Let’s assume that Assad launched the attacks and it isn’t one faction of rebels fragging another faction. Even then, I don’t see where our percentage is in inserting ourselves in another ethnic civil war in the Middle East.

It isn’t a war for democracy (ah ha ha ha): there is no significant liberal faction here, and certainly not one large enough to beat both the regime and the other opposition factions. Even if they did (doubtless with our help), the faction couldn’t hope to rule Syria. The choices appear to be the Iranian-aligned regime or the Saudi-aligned opposition. The rise of either of these sides means nothing except ethnic cleansing of the other side.

This isn’t a war for national self-determination: I might support an intervention if there were some plan for a peacekeeping/peacemaking force to separate the sides until some sort of negotiated (probably ethnic) split could be effected, but there is nothing like that on the table.

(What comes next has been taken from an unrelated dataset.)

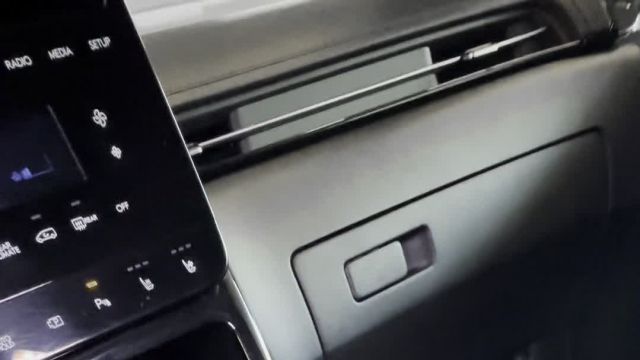 25.07 NU065740 Hyundai Staria.MOV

There does not appear to be any sort of long-term planning: I’ve heard nothing about what our intervention looks like, no mention of what Syria looks like after the civil war is over, no mention of how we avoid Syria Nouveau turning into Afghanistan-West with a Syrian Taliban (opulently funded by Saudi and Emirati paymasters) raining nerve gas on Israel rather than Hezbollah lobbing missiles from Lebanon.

Historical antecedents are a poor map for future action: this is not Libya ‘12 (where the opposition was reasonably unified and well-organized), this is not Munich ‘38 (where there was state-level aggression masterminded by a megalomaniac: Assad may be many things but he is not Hitler), this is not Bosnia ‘91 (where multiple sub-states along ethnic lines emerged against a former central government). If I had to, I’d say this is Iraq ‘02 which makes us all Cheney.

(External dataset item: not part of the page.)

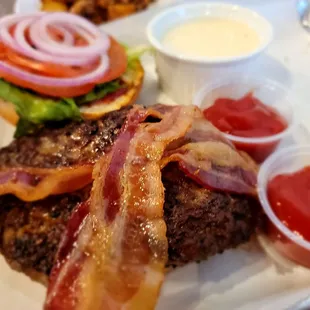 Boss Burger with bacon and melted gouda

I also assume that surgical strikes are the thin edge of the wedge. Once we eliminate the chemical weapons or at least “once we eliminate some of the regime’s chemical weapons” because I doubt that we’ll be knocking out chemicals held by the rebels or that we’ll be able to eliminate all of the regime’s) there will be another thing (probably along the lines of “well, we’ve eliminated the chemical weapons but the regime’s scuds are still out there!”) and another thing (probably along the lines of “we cannot allow our brave allies in the Syrian Opposition to be defeated”) until we’re the rebel’s air force. This is all without “boots on the ground” but without boots on the ground there’s no endgame that’s even remotely better/distinguishable from anarchy.

This is lunacy.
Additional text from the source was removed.